Is Oil Search the Government’s cash cow?

Public statement by Sir Mekere Morauta, Member for Moresby North-West

The Member for Moresby North-West, Sir Mekere Morauta, said today that very serious stories were circulating involving Oil Search paying Moran landowners K35 million owed to them by the Government to stop the landowners from shutting down the oil wells during the APEC summit, as they had threatened.

“I hope these stories are not true,” he said. “But if they are, they confirm that:

1. The Government is bankrupt; and
 2. Oil Search has become the cash cow for the O’Neill Government.”

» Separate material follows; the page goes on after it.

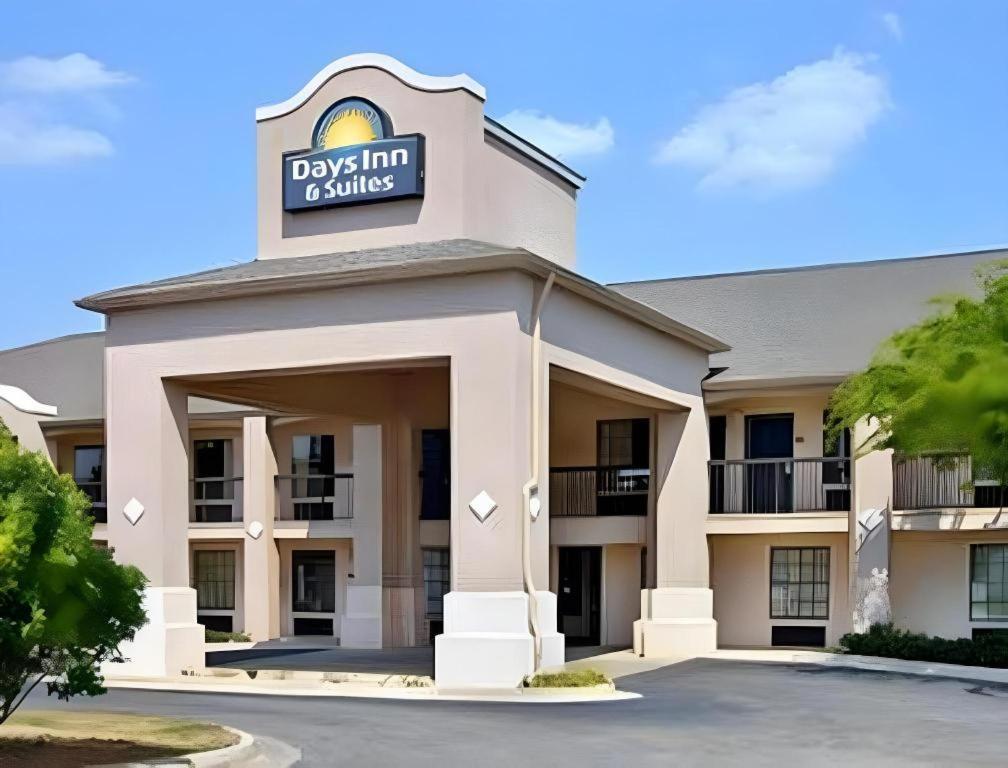 Days Inn & Suites By Wyndham Fort Valley Экстерьер фото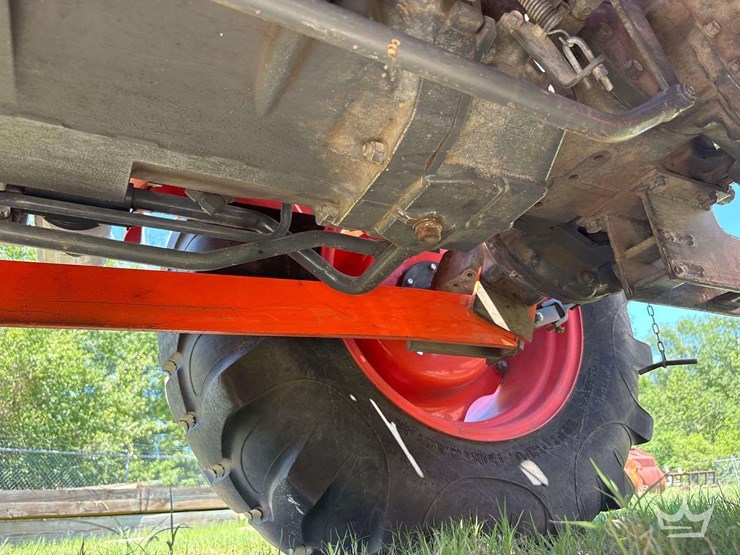 2021-kubota-l4701d-image-34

Sir Mekere said that not only had Oil Search allegedly offered to pay the landowners the K35 million owed by the Government under the PNG LNG Benefit Sharing Agreement, the Oil Search board had reportedly approved payment of K150 million for the Government - K35 million for the Moran landowners, a further K70 million owed to Kutubu PDL2 landowners and the balance of K45 million for unknown purposes.

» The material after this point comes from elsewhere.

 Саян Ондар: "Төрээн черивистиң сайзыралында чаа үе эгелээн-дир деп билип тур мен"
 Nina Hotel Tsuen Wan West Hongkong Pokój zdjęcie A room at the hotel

The former Prime Minister said that, allegedly, Oil Search officials led by a very senior executive met with Moran landowners during the weekend at the Crowne Plaza where they are camped – hopefully at the expense of Government, not deducted from their promised K35 million – and asked landowners to sign a document agreeing to accept the cash in return for agreement to not close the oil field before or during APEC.

“The executive allegedly told the landowners that NEC would be asked to approve the payment this week and that payment would be made by Oil Search before 10 November,” he said.

“If these stories are true, I wonder what Oil Search shareholders will think about the actions of the board and the senior management?  Do they realise that Oil Search has become a cash cow for a bankrupt government and is being treated like a state-owned enterprise,” Sir Mekere asked.
If the stories are true, Oil Search needs to answer the following questions:
  1. Is this K150 million a gift, or a loan?
  2. What is the balance of the money (K45 million) to be used for and to whom will it be paid?
  3. Is the K150 million payment to be deducted from future company tax?
  4. Has it been disguised as a payment under the Tax Credit Scheme?
  5. If the latter, why is Oil Search actively and directly compromising the Government’s fiscal regime, with tax credits for approved infrastructure projects in project areas now becoming cash advances and being spent outside the project areas?
  6. Can Oil Search confirm the exact cost of APEC House – was it K70 million as originally budgeted, or more?
  7. Can Oil Search confirm the total amount of future tax credits already expended in advance at the request of the Government?
“Oil Search and the Government need to tell the nation and Oil Search shareholders the true story,” Sir Mekere said.

“Papua New Guineans expect Oil Search to be a good corporate citizen and promote the integrity of Papua New Guinea’s governance structures, not be a tool of or cash cow for the Government of the day.

“This is a very bad precedent if it is true.  It will create uncertainty and nervousness amongst investors, existing and potential. I also wonder what APEC leaders will think of this ‘unique’ relationship forged to impress them of stability and strong public support for the Government whilst they visit.”

“It should be clear to all now that this Government will in fact stop at nothing to feed its greed and to stay in power.”